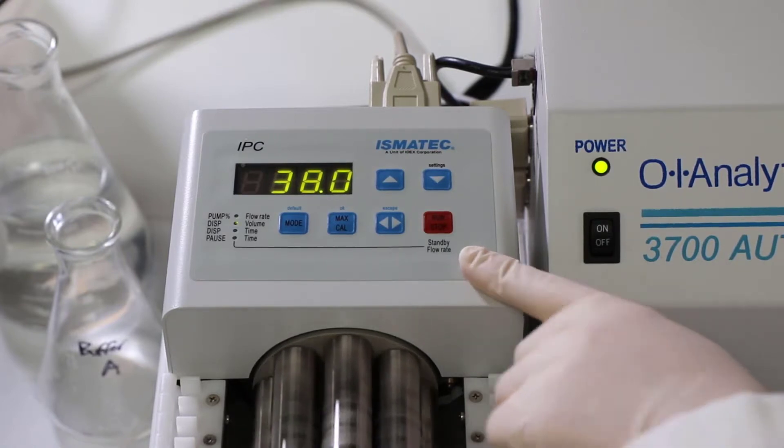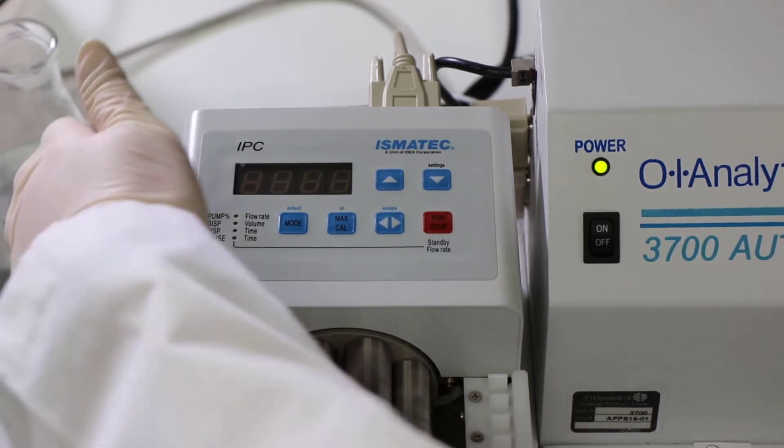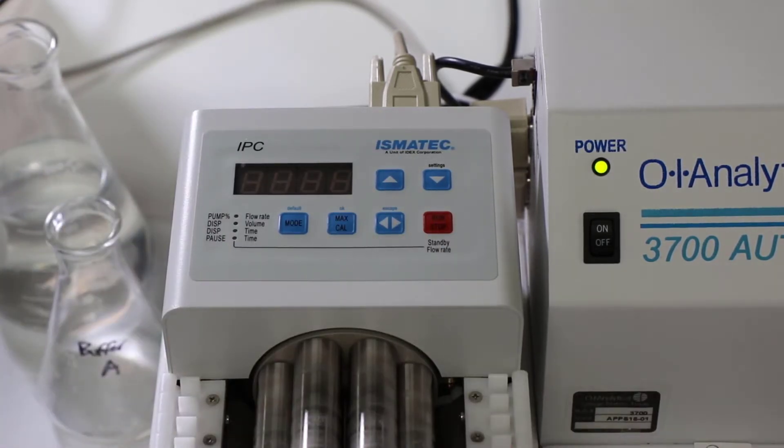From here, you're going to turn the power button off and wait 10 seconds, and this just programs the pump to run at the speed that you just set it to.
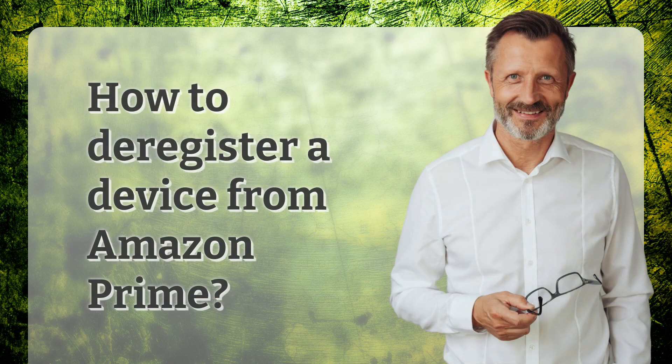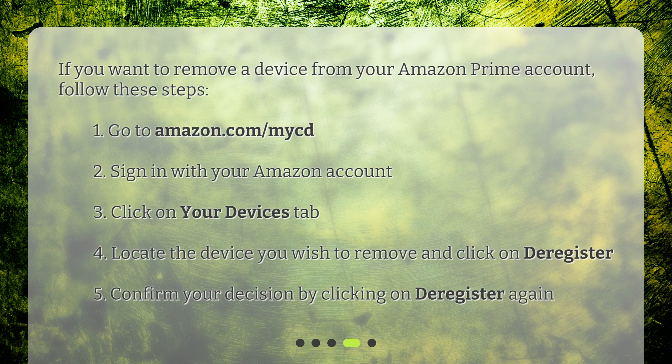How to deregister a device from Amazon Prime? If you want to remove a device from your Amazon Prime account, follow these steps. Step 1: Go to amazon.com/mycd. Step 2: Sign in with your Amazon account. Step 3: Click on the 'Your Devices' tab. Step 4: Locate the device you wish to remove and click 'Deregister.' Step 5: Confirm your decision by clicking 'Deregister' again.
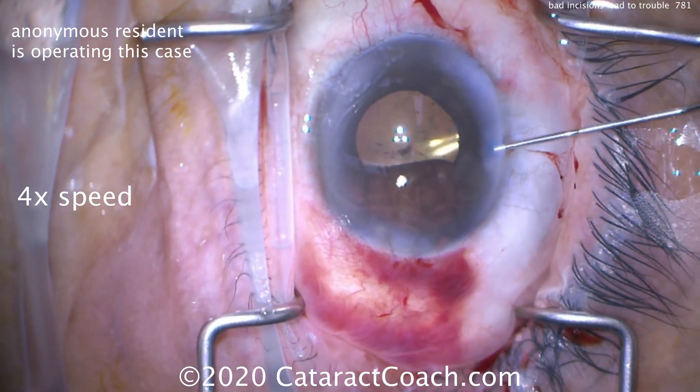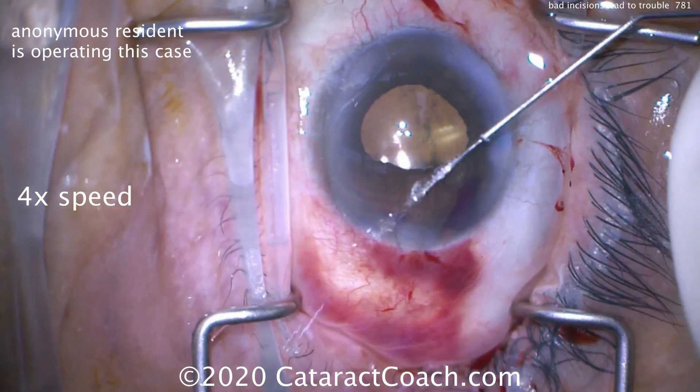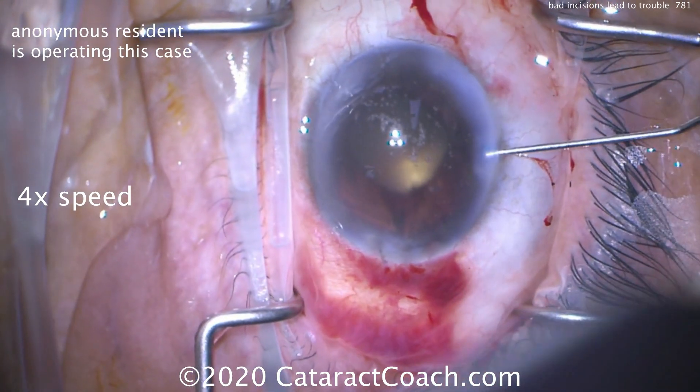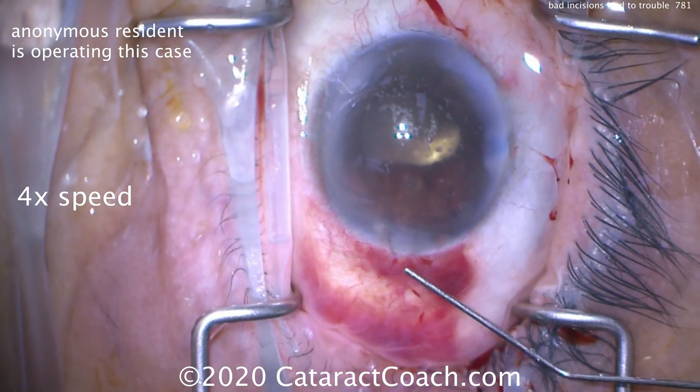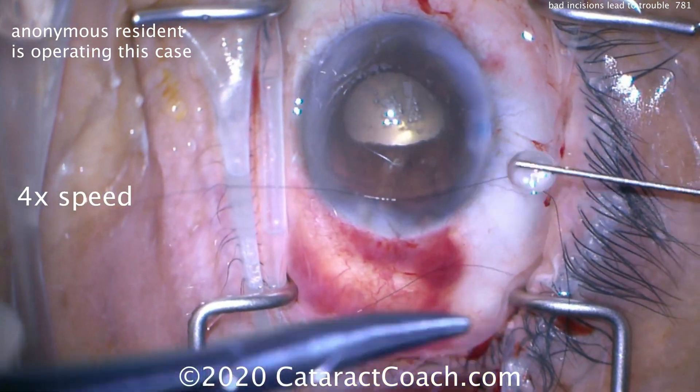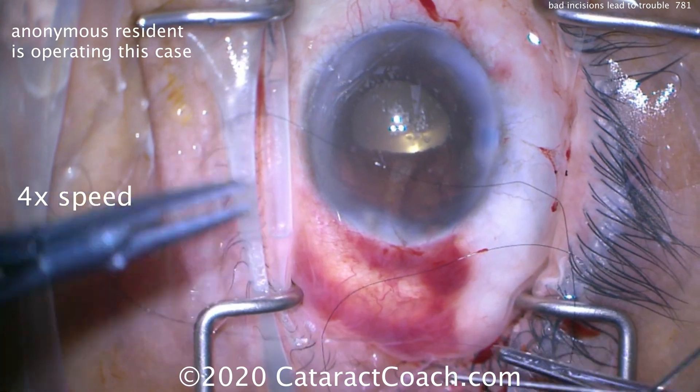Don't hesitate — if you need to, put another suture in. Not a big deal. You don't want the incisions to leak at all, and you certainly don't want iris prolapse. There's a little bit of a bleed that went into the anterior chamber of the eye, so that one suture is going to be replaced.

══════════════════════════════

Retype the listing above exactly, please. Pictures do not belong in the copy.

§ TASK ANSWER:
From here, you're going to turn the power button off and wait 10 seconds, and this just programs the pump to run at the speed that you just set it to.
How to deregister a device from Amazon Prime? If you want to remove a device from your Amazon Prime account, follow these steps. Step 1: Go to amazon.com/mycd. Step 2: Sign in with your Amazon account. Step 3: Click on the 'Your Devices' tab. Step 4: Locate the device you wish to remove and click 'Deregister.' Step 5: Confirm your decision by clicking 'Deregister' again.
Don't hesitate — if you need to, put another suture in. Not a big deal. You don't want the incisions to leak at all, and you certainly don't want iris prolapse. There's a little bit of a bleed that went into the anterior chamber of the eye, so that one suture is going to be replaced.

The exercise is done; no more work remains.